"Мы живем в обществе тоталитарных мнений"

ФОТО: AP
       Главным политическим событием завершившегося на прошлой неделе Венецианского кинофестиваля стал фильм "Пожизненно прикованные к постели" Тима Роббинса. Вслед за победителем Канна Майклом Муром он бичует американскую действительность, критикует войну в Ираке, который называет Гоморрой. С Тимом Роббинсом встретился корреспондент "Власти" Андрей Плахов.

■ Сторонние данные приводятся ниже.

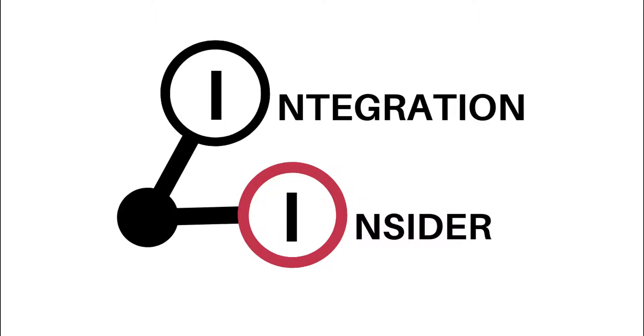Hi, this is Greg with Integration Insider, and today's video is going to discuss what the Workfront tool Fusion is and how it works.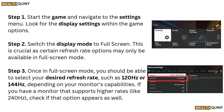Step 3: Once in full screen mode, you should be able to select your desired refresh rate, such as 120Hz or 144Hz, depending on your monitor's capabilities. If you have a monitor that supports higher rates like 240Hz, check if that option appears as well.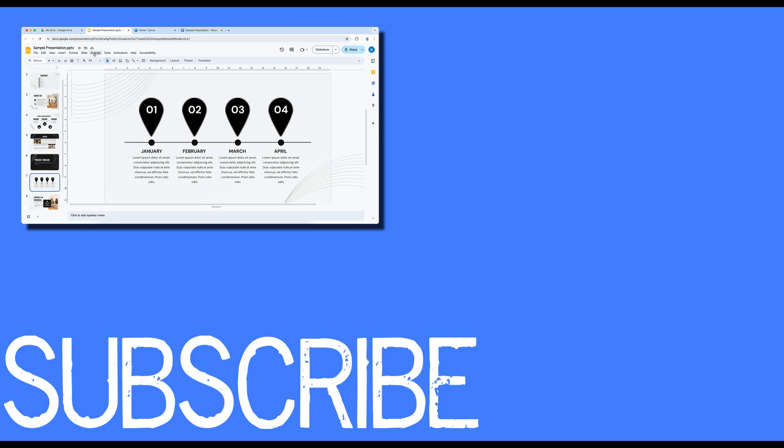If you found this video helpful please click that like button and subscribe to this channel to view more helpful videos in the future. Also please be sure to visit my website at therabbitpad.com.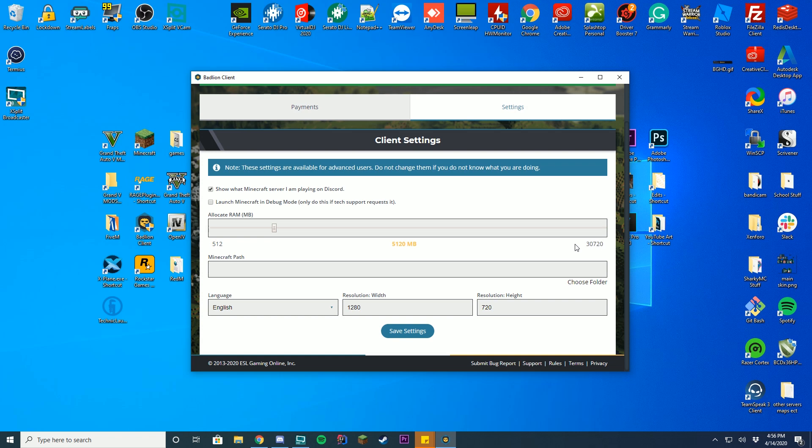If your computer only has like 8 gigabytes of RAM, you may want to make this 3 or 4 gigabytes at max, just depending on your computer. I'm not exactly sure what the default RAM is for BadLion, but if you aren't sure about how much RAM your computer has, it will let you know your max here. So just raise it up to a level you think is fair for your computer. I would not keep it at 512 because you may have issues down there.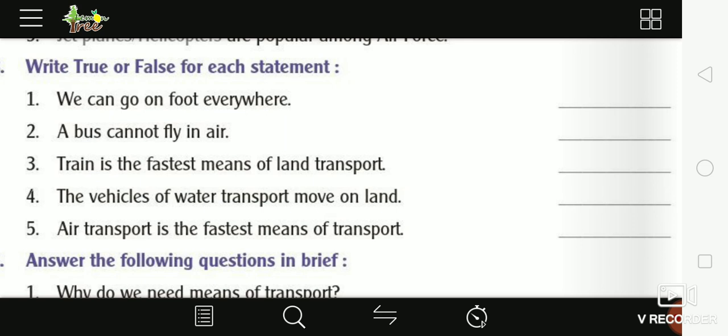Third: 'Train is the fastest means of land transport' — Train zamaini sadhan mein sabse tez chalane wala sadhan hai — True. Fourth: 'The vehicles of water transport move on land' — jali yeh sadhan zameen pe chalte hain — this is False.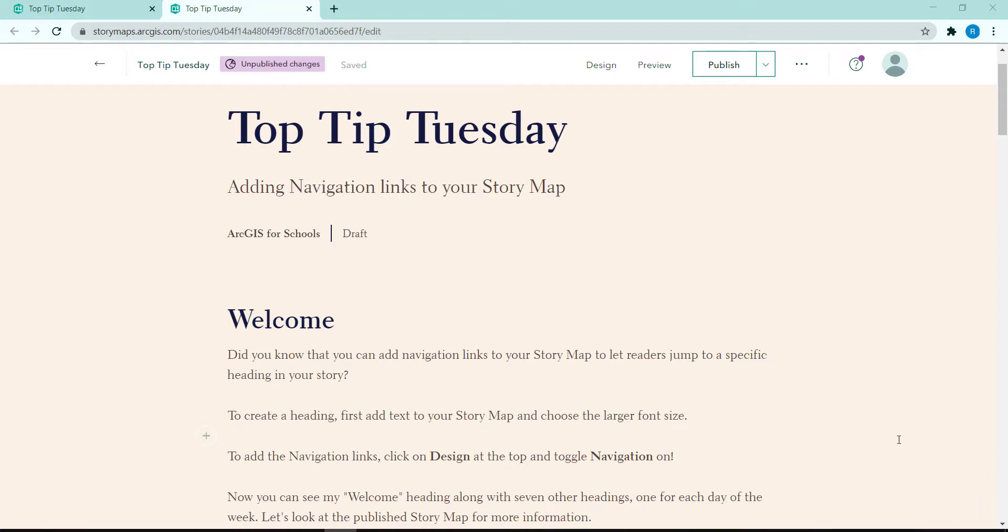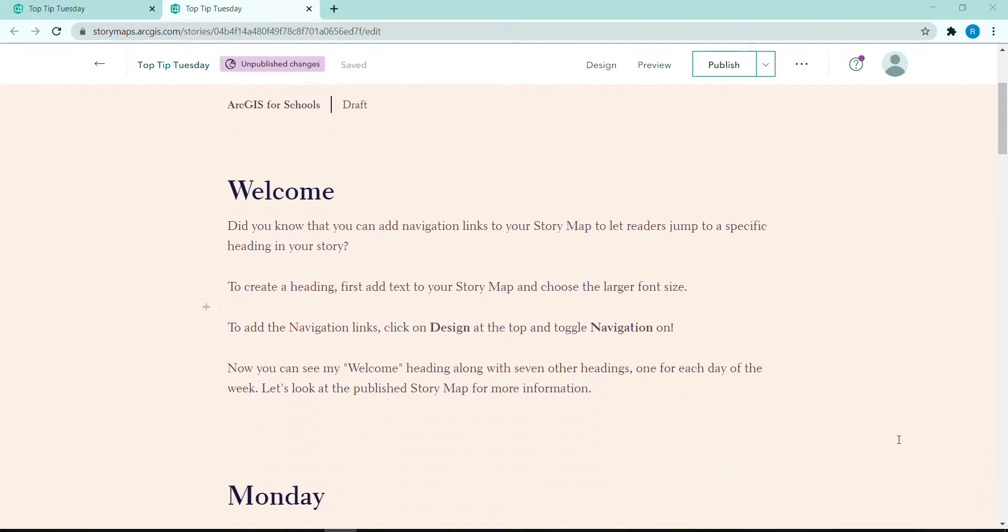Welcome is a heading and if I scroll down, you can see that Monday is also a heading. I have some others further down the story map and we will see them soon.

— Как возник и развивался этот проект?
       — Я в бешенстве, меня возмущает и курс на войну администрации Джорджа Буша, и поведение нашей прессы, более подобающее проституткам, чем журналистам. И вот в мае прошлого года я решил сфокусировать эти чувства и фрустрации в спектакле, который поставил на маленькой сцене в Лос-Анджелесе. Потом мы играли этот спектакль в Нью-Йорке. Он вызвал большой резонанс: консервативные газеты его громили, меня обзывали коммунистом (в Америке это серьезное обвинение), зато люди приезжали за тысячу миль, чтобы посмотреть нашу постановку. У меня на плече рыдал солдат, а журналисты, вернувшиеся из Ирака, благодарили за то, что мы высказались против засилья цензуры. Теперь спектакль стал фильмом. И я надеюсь, что он найдет своих дистрибуторов.
       — Чем фильм и спектакль отличаются друг от друга?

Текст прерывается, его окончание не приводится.